Strange magnetars admixed with fermionic dark matter

TL;DR

This paper investigates how fermionic dark matter and strong magnetic fields influence the structure and observable properties of strange stars, revealing significant effects on mass, radius, and tidal deformability.

Contribution

It introduces a detailed two-fluid model for strange stars with dark matter and magnetic fields, analyzing their combined impact on stellar properties.

Findings

Magnetic fields decrease the star's total mass but slow the mass reduction caused by dark matter.

Tidal deformability varies significantly, up to 90%, with magnetic field strength and dark matter density.

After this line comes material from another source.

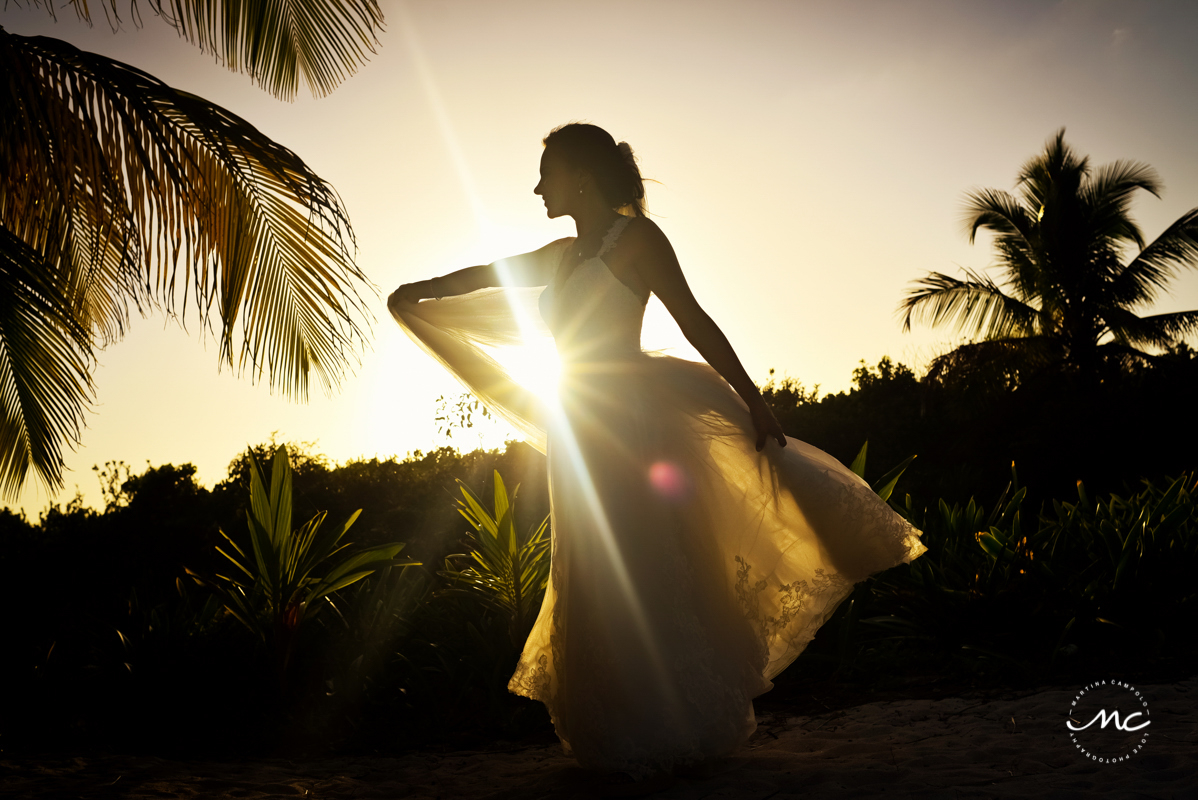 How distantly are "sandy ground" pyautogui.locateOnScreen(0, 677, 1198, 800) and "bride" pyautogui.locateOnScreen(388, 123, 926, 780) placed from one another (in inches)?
9.6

Dark matter and magnetic fields notably affect the star's observable characteristics.

Abstract

We discuss strange stars admixed with fermionic dark matter in the presence of a strong magnetic field using the two-fluid Tolman-Oppenheimer-Volkov equations. We describe strange quark matter using the MIT bag model and consider magnetic fields in the range $\sim 10^{17}-10^{18}$ G. For the fermionic dark matter, we consider the cases of free particles and strongly self-interacting particles, with dark fermion masses $m=5, 100, 500$ GeV. We discuss the effects of dark matter and a strong magnetic field on the masses and radii of the stars, as well as on its tidal deformability. Even though strong magnetic fields contribute to decreasing the total mass of the star, they attenuate the rate of decrease in the maximum mass brought about by increasing the dark matter fraction in the admixed system. The most intensely affected observable, however, is the tidal deformability, with variations on the range of $70\%-90\%$ for reasonable values of the magnetic field or dark matter central energy density.